Article proposé par Exponaute
Sortir de l’exposition « La légende National Geographic » organisée au sein du Muséum National d’Histoire Naturelle, à Paris, nous donne envie de courir dans la bibliothèque la plus proche pour lire et relire les textes les plus emblématiques de Richard Dawkins, Carl Sagan et bien sûr, Charles Darwin. Car si l’on en croit certaines Cassandre, il n’y aurait tout bonnement plus rien à découvrir sur notre globe terrestre, les ultimes frontières ayant été vaincues.
De même, certains présidents à l’improbable houppette peroxydée n’hésitent pas à clamer depuis leur bureau aseptisé que le changement climatique est une illusion, et qu’il est tout à fait logique qu’en 2017, une superpuissance relance sa production de charbon afin de l’utiliser comme source d’énergie.
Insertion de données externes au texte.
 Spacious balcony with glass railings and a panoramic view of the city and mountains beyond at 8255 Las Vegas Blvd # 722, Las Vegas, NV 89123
Réaliser seulement quelques pas dans le nouveau parcours temporaire de l’institution parisienne, qui a posé ses valises à l’intérieur de la Galerie de Minéralogie, suffit à comprendre le contraire.
National Geographic, la légendaire revue que l’on ne présente plus, se bat depuis la fin du XIXe siècle pour diffuser, au plus grand nombre, des reportages émouvants mais aussi édifiants sur l’État de notre monde. Un globe pris dans toute sa richesse, habité autant par la faune animale que par nous autres humains.
D’un reportage photographique à un autre, l’on plonge dans l’exode des Afghans face à l’avancée des troupes soviétiques au long de la Guerre Froide, à la découverte d’un regroupement de narvals dans les eaux glaciales arctiques, en passant par la toute première exploration de l’inénarrable paquebot Titanic, dont l’épave (faut-il le rappeler) fut découverte par des scientifiques mandatés par « Nat’ Geo ». Ainsi, le cheminement thématique du parcours temporaire se propose, de la même façon que le fait le fameux magazine, de nous étonner.
Grâce à des autochromes et des tirages de belle qualité de très vieilles photographies, nous partons sur les traces du Machu Picchu qui, en 1911, vient d’être redécouvert par une équipe d’aventuriers qui n’ont rien à envier à Indiana Jones. Jusqu’alors, le monde scientifique n’avait connaissance du site que grâce à une carte incomplète et peu précise, datant du XVIIe siècle.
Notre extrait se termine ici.